Over the past 25 years, Lynka has won 48 international awards for high quality printing, which is more than any other screen printer in Europe, says the company. This dragon design won the 2018 Golden Image Award at the SGIA in Las Vegas for Simulated Process in the Promotional Products category. John Lynch, CEO, explains how the print was created


(1) Energylandia is the largest amusement park in Central Europe, located in Zator, Poland, about one hour from Krakow. Dragon is an inverted roller coaster, which achieves speeds of 75 km/hour and is one of the main attractions of the park. The client is famous for creating merchandise for each of its most popular attractions and, for Dragon, they turned to Lynka for both the design and execution of the T-shirts.
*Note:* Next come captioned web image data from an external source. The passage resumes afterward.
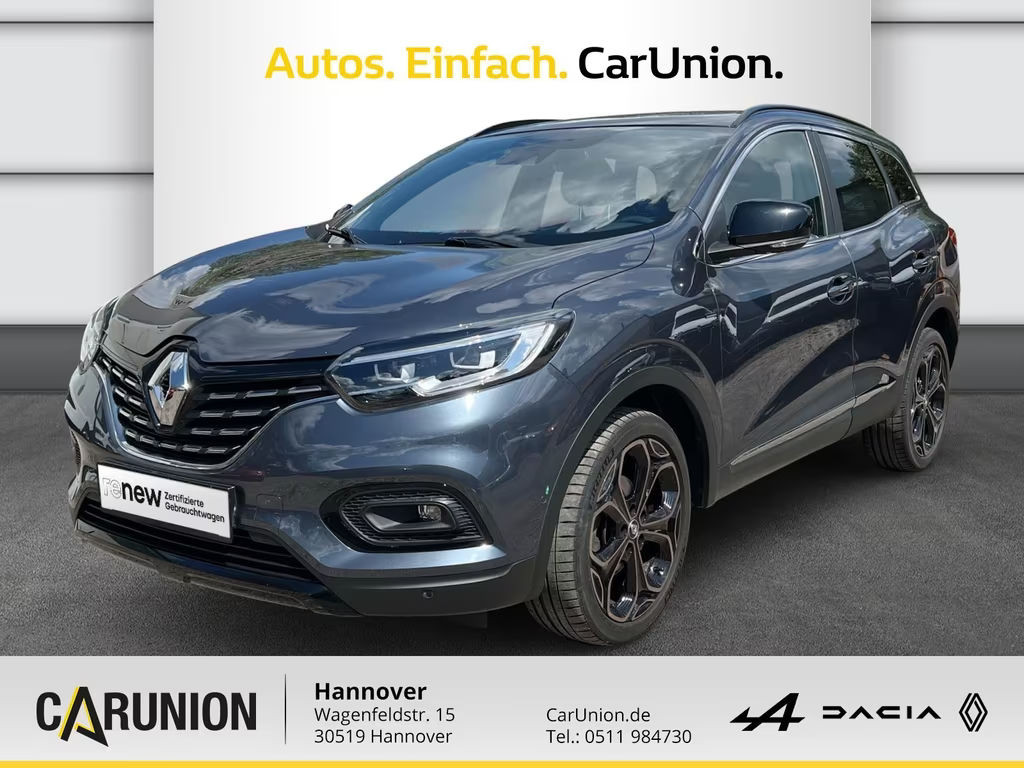 Renault Kadjar EDC TCe 160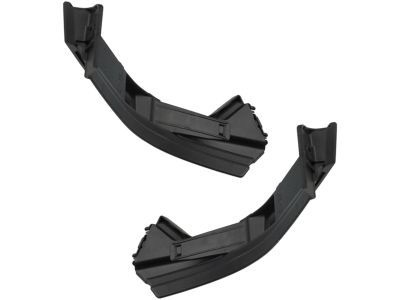 Ram 55372918AD CAP Front Bumper Upper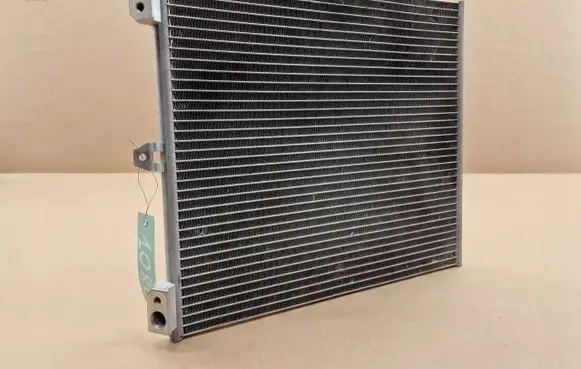 Porsche 911 992 A/C cooling radiator (condenser) 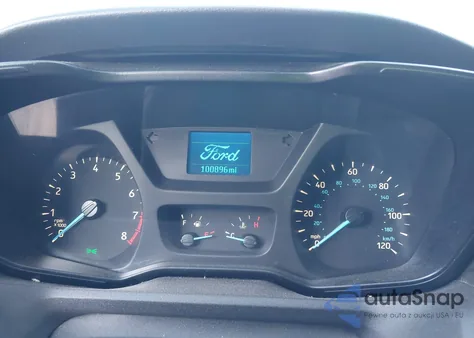 2016 Ford Transit-250 z USA, uszkodzony, nr VIN 1FTYR1ZM7GKA72946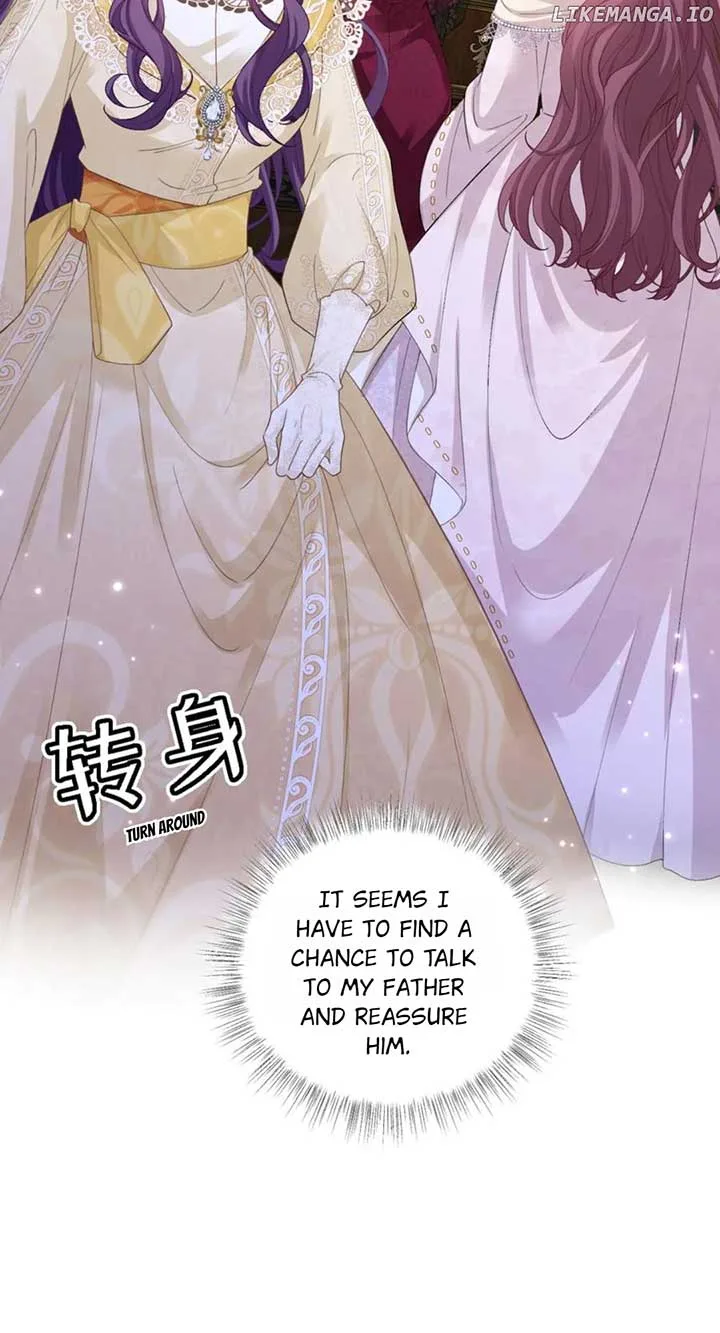 Confessing My Love to Him, the Treacherous One Chapter 39 page 56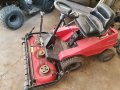 шведска тракторна косачка 3 ножа, снимка 5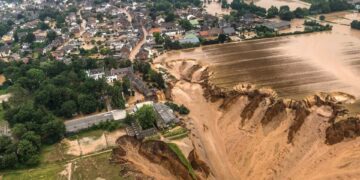 Floodwaters still rising in western Europe with death toll over 110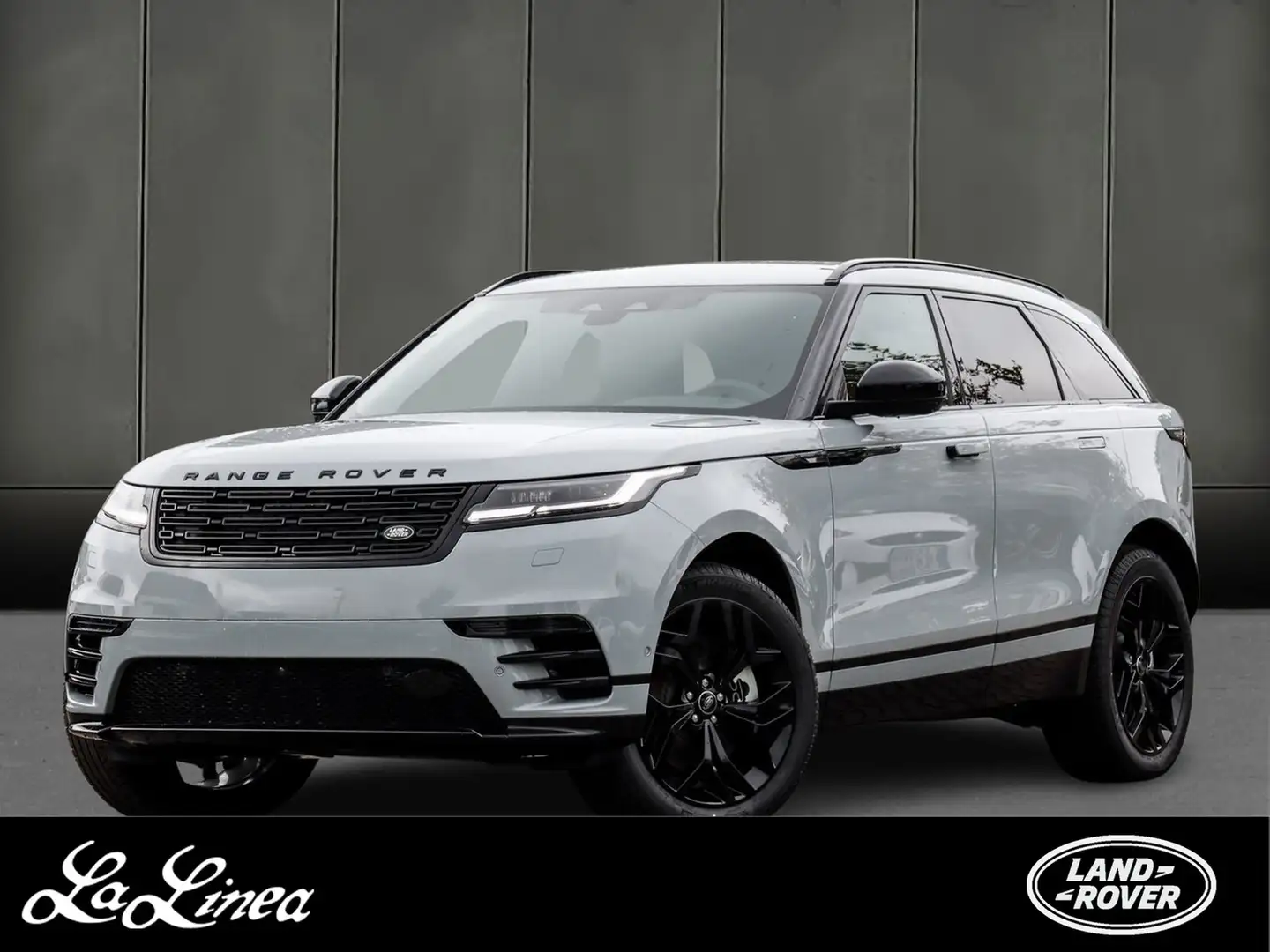 Land Rover Range Rover Velar D300 AWD Dynamic SE Schiebedach, 360° Kamera Grau - 1
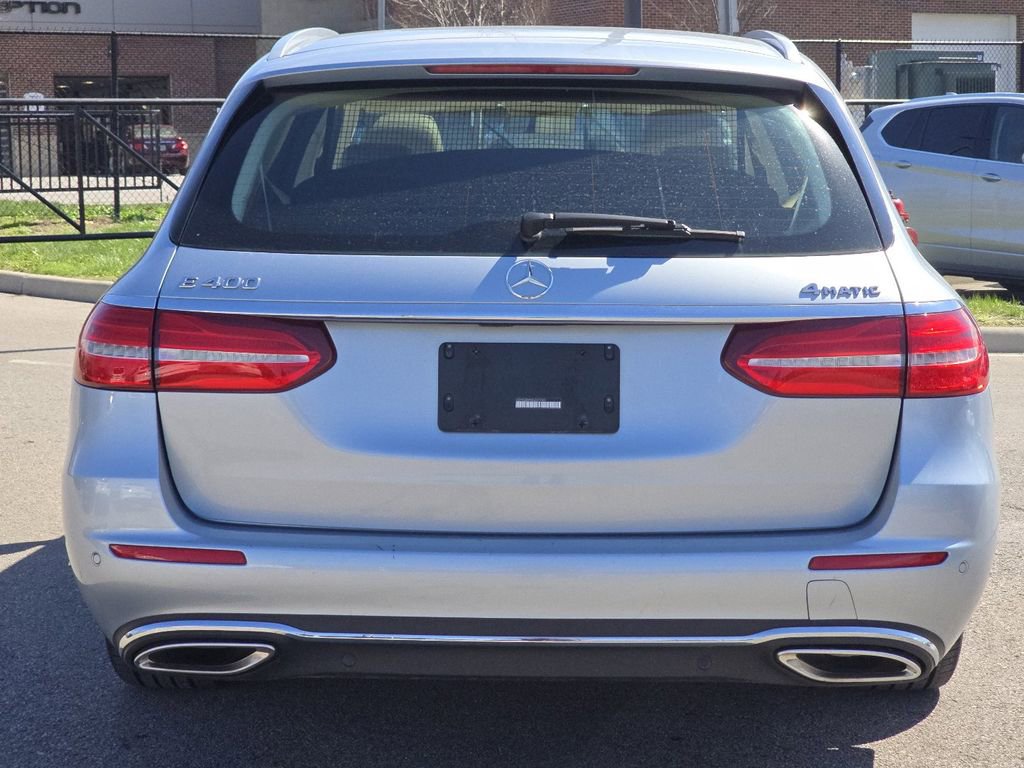 Used 2017 Mercedes-Benz E 400 4MATIC Wagon image 17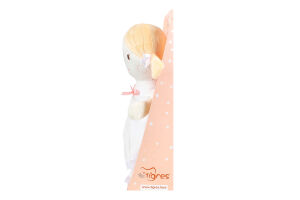Лялька Tigres fashion girl Angel текстильна
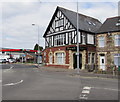 Disraeli House formerly the Cow and Snuffers pub, Llandaff North, Cardiff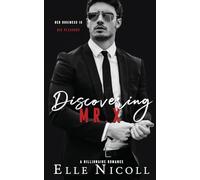 Discovering Mr. X: A Billionaire Romance: 2 (Men)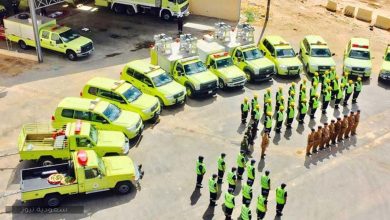 طريقة التسجيل في وظائف الدفاع المدني 1446 7 طريقة التسجيل في وظائف الدفاع المدني 1446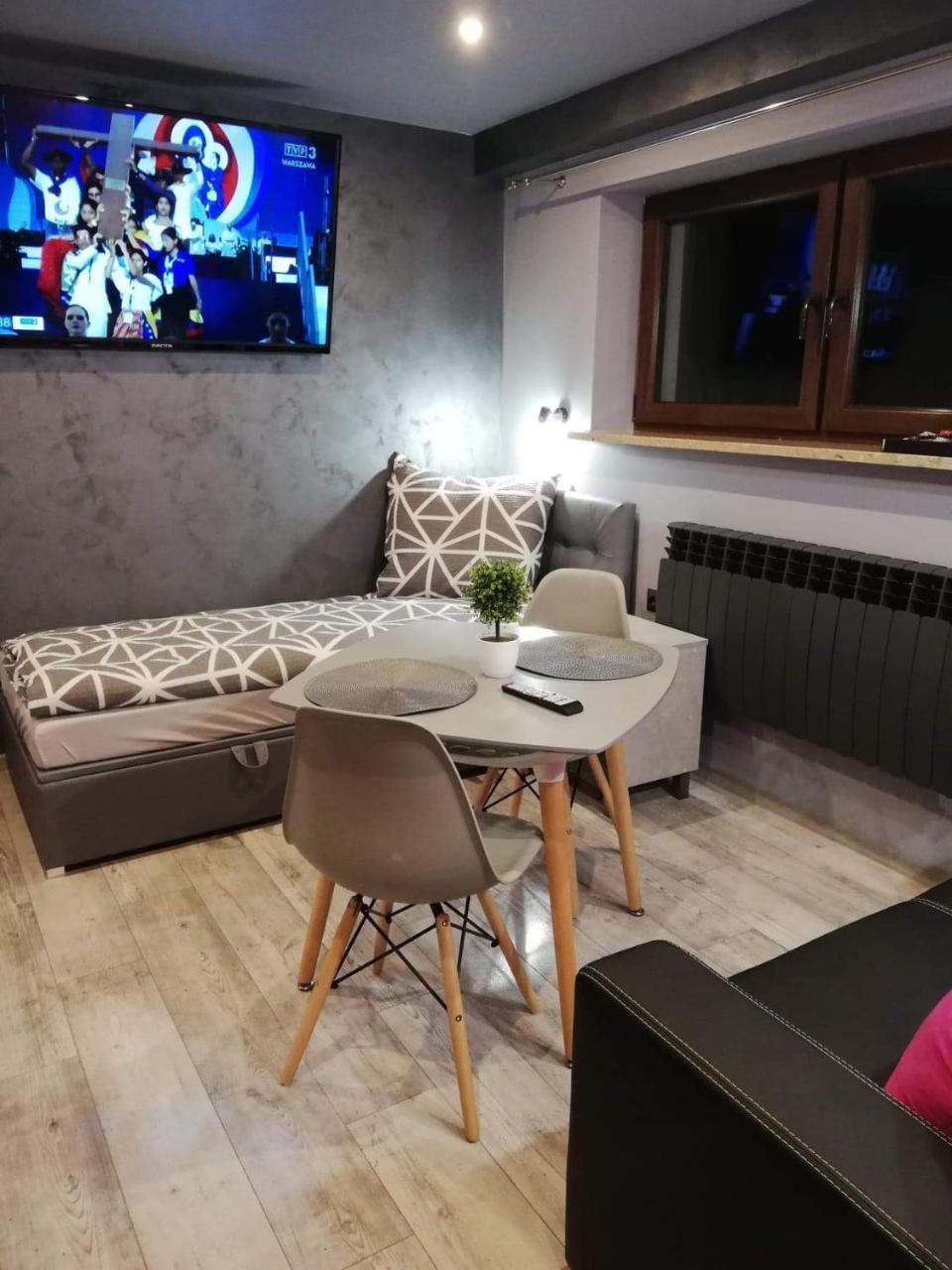 Przystan Apartment Rozalin  Luaran gambar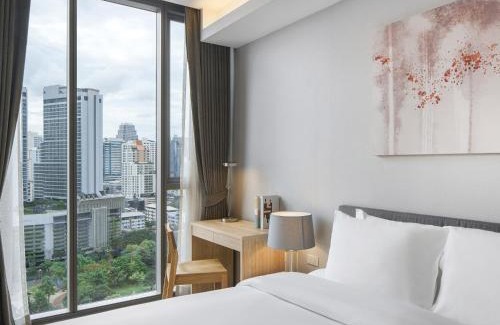 Bangkok Central Business District Hotel | Oakwood Suites Bangkok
(2) The target market for the merchandise is teenagers and young fans of this insanely frightening roller coaster, so our artist opted for a dark, demonic theme in order to evoke the power of the ride: a dragon with its tongue transformed into the roller coaster itself. The dimensional design – which pops off the garment — is a bestseller at the park, as is the ride.

(3) It took dozens of hours to complete the design and separation, using a montage of dozens of original sketches and stock graphics. The simulated process colour separations were made in Adobe Photoshop, using 10 colours in the final version (including two whites and the puff print). All colours were printed once, with 65lpi circular dots at a 70-degree angle.

(4) The basic T-shirt model used in the production was the B&C #E190.

(5) The idea was to use the puff technique (3D) to emphasise the roughness of the dragon’s skin. To mimic the convexity of small areas, a combination of HD puff inks (by Wilflex) worked best. In addition, to make the effect as realistic as possible we used a combination of Photoshop filters – High Pass and Unsharp Mask – at the 2D design stage to add lighting effects to the convexities.

(6) The puff print technique was implemented as an underprint with a white 3D pigment under selected elements and all colours, right after the first down and the second white. The order of printing is: first down – flash – second white -flash – puff- flash – and then the other colours. We used Rutland plastisol inks.

(7) For the screens, we used Saati mesh on Newman Roller frames: for the first colour down and the white 260lpi, for the other colours 280lpi. For the puff print we used 110lpi and Capillex 300 capillary photostencil film. Screens were made using M&R I-Image STE equipment.

(8) The shirts were printed on an M&R Challenger 18/16 automatic with three flash dryers. The print was cured in an M&R Sprint 2000 gas dryer.